### WHAT TO PRODUCE
In the records below, find the line that contains "plastic surgery face" and the line that contains "Western blot analysis of GLP1". Set down exactly those lines and every line between them, and nothing more.

### DATA
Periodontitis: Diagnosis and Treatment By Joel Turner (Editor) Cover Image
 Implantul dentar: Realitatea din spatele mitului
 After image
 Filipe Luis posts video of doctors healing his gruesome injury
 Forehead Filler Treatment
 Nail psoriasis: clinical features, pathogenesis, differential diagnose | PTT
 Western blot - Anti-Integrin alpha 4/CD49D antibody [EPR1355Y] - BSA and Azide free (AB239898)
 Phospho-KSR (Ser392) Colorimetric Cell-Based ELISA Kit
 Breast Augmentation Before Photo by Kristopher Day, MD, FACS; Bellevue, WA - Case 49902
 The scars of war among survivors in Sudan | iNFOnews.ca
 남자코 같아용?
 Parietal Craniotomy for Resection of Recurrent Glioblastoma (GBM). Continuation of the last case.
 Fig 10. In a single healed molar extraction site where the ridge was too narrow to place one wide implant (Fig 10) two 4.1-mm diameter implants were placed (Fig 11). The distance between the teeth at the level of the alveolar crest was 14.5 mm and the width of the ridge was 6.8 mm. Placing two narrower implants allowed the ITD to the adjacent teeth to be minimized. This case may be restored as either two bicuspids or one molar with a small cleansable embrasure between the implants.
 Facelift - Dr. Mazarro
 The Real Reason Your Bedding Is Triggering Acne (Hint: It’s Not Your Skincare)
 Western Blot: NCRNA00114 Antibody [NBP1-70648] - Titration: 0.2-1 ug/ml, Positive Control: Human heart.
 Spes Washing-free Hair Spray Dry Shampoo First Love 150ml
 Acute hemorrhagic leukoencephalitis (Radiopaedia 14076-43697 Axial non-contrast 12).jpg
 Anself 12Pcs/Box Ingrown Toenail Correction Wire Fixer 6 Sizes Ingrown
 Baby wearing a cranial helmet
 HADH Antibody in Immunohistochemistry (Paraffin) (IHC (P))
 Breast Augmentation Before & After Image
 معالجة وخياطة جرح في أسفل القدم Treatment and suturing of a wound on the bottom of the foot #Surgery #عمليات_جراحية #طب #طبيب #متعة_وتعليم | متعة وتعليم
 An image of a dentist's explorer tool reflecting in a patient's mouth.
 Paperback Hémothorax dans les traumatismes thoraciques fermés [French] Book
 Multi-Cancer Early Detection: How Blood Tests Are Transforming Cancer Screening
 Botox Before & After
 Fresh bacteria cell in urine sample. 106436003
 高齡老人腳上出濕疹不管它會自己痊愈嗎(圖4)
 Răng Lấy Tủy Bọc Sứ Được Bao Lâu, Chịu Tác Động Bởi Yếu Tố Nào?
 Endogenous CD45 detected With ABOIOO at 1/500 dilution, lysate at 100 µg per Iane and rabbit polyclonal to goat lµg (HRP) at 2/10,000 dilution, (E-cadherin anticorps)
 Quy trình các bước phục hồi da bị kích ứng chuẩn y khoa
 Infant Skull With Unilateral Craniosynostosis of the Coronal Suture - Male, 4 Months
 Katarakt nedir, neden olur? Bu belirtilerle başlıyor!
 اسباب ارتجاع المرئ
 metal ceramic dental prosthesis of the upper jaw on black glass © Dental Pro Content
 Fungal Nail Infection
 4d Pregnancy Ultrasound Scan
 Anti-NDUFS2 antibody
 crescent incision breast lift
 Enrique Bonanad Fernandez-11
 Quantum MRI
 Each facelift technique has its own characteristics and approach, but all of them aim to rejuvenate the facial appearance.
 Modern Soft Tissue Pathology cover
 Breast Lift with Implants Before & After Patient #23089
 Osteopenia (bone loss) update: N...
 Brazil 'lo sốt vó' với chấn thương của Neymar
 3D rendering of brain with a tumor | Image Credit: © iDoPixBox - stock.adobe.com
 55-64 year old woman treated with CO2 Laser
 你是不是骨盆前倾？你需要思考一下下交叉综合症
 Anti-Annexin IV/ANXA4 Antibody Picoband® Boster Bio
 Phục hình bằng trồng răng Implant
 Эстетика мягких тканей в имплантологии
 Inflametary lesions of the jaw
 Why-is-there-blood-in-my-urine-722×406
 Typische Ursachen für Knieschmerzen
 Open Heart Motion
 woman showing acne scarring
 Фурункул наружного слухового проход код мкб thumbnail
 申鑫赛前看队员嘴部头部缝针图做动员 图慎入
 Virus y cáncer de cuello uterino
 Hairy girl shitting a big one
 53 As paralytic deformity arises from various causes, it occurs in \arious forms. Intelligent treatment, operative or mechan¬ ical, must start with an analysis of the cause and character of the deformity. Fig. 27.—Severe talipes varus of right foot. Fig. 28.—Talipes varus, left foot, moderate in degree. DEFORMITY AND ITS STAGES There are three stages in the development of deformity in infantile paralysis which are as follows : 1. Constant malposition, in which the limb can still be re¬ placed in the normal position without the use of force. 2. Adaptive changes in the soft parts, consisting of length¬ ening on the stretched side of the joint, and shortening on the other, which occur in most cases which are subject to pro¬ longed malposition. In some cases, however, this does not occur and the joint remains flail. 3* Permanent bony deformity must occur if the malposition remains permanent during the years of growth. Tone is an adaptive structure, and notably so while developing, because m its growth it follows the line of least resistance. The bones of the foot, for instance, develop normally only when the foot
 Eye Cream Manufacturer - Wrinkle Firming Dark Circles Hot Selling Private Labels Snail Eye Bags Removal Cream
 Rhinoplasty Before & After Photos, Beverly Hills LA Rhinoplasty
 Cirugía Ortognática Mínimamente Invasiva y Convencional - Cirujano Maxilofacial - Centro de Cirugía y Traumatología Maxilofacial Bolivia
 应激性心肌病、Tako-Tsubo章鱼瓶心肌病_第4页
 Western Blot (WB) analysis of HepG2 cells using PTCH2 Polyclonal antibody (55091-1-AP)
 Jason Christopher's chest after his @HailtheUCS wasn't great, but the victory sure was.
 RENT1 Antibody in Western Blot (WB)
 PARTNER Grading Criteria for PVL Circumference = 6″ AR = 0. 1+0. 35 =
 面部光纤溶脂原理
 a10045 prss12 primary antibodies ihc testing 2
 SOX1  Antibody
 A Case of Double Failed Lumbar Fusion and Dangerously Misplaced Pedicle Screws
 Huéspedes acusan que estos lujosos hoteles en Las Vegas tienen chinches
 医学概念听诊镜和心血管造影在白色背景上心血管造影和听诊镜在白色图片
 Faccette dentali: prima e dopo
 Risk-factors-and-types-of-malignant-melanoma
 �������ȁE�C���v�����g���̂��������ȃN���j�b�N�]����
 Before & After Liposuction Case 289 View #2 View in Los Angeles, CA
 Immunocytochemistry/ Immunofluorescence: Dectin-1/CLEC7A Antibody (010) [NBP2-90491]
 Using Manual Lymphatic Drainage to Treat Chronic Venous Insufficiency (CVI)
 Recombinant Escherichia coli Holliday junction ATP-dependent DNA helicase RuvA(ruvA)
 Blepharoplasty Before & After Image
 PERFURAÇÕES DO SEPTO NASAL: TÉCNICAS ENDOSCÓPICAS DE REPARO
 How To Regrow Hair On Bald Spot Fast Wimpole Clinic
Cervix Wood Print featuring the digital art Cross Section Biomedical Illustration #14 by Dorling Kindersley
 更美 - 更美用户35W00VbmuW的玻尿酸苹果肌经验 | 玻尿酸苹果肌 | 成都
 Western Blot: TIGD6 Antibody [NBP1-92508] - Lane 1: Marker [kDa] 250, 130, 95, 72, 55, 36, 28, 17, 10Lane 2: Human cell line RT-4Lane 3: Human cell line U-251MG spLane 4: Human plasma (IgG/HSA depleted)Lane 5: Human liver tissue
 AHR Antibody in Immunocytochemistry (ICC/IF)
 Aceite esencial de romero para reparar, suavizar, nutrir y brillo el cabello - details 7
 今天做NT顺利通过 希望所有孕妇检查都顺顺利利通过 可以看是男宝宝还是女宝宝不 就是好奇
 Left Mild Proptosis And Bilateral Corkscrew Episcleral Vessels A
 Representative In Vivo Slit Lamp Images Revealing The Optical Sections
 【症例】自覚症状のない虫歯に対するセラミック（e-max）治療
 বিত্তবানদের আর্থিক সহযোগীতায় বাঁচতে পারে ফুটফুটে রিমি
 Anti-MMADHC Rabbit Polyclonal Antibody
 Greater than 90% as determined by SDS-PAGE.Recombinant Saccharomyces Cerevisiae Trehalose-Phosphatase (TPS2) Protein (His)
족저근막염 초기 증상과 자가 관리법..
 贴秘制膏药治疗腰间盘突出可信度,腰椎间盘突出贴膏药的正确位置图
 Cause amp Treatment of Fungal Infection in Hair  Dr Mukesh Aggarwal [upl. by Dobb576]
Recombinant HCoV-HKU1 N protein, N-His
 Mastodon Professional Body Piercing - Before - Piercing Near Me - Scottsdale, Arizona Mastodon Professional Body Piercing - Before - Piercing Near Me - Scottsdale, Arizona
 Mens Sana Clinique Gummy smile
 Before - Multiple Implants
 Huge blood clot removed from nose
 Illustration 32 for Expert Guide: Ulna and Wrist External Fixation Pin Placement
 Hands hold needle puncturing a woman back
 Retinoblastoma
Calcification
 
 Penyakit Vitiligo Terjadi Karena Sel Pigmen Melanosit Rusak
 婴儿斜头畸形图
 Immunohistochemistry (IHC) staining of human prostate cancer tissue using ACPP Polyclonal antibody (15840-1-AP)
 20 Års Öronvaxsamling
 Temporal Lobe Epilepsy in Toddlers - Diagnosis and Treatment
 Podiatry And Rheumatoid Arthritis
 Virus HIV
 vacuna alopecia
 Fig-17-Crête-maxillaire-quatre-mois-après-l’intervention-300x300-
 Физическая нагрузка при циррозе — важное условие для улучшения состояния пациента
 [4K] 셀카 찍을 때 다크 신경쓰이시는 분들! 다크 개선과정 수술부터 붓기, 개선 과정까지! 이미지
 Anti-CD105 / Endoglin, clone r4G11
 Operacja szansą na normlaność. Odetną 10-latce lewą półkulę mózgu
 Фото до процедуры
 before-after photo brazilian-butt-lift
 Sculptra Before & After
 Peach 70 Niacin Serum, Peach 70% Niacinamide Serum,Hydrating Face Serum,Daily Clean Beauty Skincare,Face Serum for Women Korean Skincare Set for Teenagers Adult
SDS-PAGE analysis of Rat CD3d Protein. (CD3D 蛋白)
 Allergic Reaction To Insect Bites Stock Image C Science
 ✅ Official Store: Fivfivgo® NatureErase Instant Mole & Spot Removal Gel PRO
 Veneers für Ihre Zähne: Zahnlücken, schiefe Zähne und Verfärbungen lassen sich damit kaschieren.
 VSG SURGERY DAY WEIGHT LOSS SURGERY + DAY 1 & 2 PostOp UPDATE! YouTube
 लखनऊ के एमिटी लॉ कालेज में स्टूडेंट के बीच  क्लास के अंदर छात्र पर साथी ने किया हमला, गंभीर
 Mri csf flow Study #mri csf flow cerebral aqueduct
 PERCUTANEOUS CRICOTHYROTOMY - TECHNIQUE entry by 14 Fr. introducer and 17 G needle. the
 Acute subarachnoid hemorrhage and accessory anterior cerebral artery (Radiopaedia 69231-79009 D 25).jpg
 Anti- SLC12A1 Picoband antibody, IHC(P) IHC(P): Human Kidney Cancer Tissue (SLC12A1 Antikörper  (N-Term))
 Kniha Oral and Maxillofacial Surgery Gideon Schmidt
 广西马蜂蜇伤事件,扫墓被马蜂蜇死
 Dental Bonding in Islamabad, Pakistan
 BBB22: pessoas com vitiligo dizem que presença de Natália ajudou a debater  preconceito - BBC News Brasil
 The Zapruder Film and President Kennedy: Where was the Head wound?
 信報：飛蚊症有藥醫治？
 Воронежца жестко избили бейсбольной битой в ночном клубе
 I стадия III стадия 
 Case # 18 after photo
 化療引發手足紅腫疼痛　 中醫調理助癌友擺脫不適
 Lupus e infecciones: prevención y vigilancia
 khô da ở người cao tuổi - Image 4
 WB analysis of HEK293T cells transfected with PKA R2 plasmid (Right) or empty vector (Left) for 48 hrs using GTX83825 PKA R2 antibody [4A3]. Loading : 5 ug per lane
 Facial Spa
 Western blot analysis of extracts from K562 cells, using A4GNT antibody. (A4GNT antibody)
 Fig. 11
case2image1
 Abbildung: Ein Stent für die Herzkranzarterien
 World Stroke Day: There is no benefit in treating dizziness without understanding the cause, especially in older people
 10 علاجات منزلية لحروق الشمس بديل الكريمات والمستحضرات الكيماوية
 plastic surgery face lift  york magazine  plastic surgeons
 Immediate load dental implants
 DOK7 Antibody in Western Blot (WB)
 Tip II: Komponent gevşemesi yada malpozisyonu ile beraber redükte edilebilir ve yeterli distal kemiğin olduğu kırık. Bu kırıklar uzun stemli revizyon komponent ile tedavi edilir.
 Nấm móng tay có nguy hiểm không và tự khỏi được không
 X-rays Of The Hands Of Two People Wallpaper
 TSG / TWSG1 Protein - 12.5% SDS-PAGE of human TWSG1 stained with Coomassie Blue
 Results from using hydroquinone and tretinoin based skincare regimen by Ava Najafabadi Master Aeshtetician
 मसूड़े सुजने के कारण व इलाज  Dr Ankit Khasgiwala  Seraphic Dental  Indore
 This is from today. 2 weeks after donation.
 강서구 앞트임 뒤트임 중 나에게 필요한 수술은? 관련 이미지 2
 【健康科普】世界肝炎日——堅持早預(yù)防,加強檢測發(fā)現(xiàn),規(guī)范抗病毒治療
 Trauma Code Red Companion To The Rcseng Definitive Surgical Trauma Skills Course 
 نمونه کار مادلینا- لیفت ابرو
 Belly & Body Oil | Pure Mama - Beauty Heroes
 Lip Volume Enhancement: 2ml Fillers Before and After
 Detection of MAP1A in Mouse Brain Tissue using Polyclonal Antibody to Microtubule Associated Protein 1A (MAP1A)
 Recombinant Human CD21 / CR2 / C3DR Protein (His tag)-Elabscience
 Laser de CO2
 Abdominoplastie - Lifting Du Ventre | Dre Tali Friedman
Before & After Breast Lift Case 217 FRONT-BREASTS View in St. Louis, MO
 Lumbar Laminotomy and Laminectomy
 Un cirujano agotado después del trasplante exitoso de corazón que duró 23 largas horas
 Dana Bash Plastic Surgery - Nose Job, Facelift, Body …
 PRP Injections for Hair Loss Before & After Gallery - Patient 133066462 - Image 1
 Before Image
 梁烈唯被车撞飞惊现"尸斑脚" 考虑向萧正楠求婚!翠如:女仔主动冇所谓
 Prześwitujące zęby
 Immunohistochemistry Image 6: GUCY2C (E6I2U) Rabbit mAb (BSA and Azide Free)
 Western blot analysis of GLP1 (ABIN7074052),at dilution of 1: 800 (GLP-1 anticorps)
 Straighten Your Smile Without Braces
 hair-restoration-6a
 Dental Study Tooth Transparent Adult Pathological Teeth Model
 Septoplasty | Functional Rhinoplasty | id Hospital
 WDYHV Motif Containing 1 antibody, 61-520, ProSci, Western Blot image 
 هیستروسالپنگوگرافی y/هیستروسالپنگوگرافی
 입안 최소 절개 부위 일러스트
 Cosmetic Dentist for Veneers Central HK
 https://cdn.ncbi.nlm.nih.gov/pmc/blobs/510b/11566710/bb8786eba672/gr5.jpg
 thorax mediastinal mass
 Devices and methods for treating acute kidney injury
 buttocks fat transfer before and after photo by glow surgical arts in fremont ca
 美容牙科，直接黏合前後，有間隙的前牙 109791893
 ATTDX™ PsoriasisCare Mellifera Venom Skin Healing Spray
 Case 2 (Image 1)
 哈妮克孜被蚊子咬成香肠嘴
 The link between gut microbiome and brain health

### EXERCISE RESULT
 plastic surgery face lift  york magazine  plastic surgeons
 Immediate load dental implants
 DOK7 Antibody in Western Blot (WB)
 Tip II: Komponent gevşemesi yada malpozisyonu ile beraber redükte edilebilir ve yeterli distal kemiğin olduğu kırık. Bu kırıklar uzun stemli revizyon komponent ile tedavi edilir.
 Nấm móng tay có nguy hiểm không và tự khỏi được không
 X-rays Of The Hands Of Two People Wallpaper
 TSG / TWSG1 Protein - 12.5% SDS-PAGE of human TWSG1 stained with Coomassie Blue
 Results from using hydroquinone and tretinoin based skincare regimen by Ava Najafabadi Master Aeshtetician
 मसूड़े सुजने के कारण व इलाज  Dr Ankit Khasgiwala  Seraphic Dental  Indore
 This is from today. 2 weeks after donation.
 강서구 앞트임 뒤트임 중 나에게 필요한 수술은? 관련 이미지 2
 【健康科普】世界肝炎日——堅持早預(yù)防,加強檢測發(fā)現(xiàn),規(guī)范抗病毒治療
 Trauma Code Red Companion To The Rcseng Definitive Surgical Trauma Skills Course 
 نمونه کار مادلینا- لیفت ابرو
 Belly & Body Oil | Pure Mama - Beauty Heroes
 Lip Volume Enhancement: 2ml Fillers Before and After
 Detection of MAP1A in Mouse Brain Tissue using Polyclonal Antibody to Microtubule Associated Protein 1A (MAP1A)
 Recombinant Human CD21 / CR2 / C3DR Protein (His tag)-Elabscience
 Laser de CO2
 Abdominoplastie - Lifting Du Ventre | Dre Tali Friedman
Before & After Breast Lift Case 217 FRONT-BREASTS View in St. Louis, MO
 Lumbar Laminotomy and Laminectomy
 Un cirujano agotado después del trasplante exitoso de corazón que duró 23 largas horas
 Dana Bash Plastic Surgery - Nose Job, Facelift, Body …
 PRP Injections for Hair Loss Before & After Gallery - Patient 133066462 - Image 1
 Before Image
 梁烈唯被车撞飞惊现"尸斑脚" 考虑向萧正楠求婚!翠如:女仔主动冇所谓
 Prześwitujące zęby
 Immunohistochemistry Image 6: GUCY2C (E6I2U) Rabbit mAb (BSA and Azide Free)
 Western blot analysis of GLP1 (ABIN7074052),at dilution of 1: 800 (GLP-1 anticorps)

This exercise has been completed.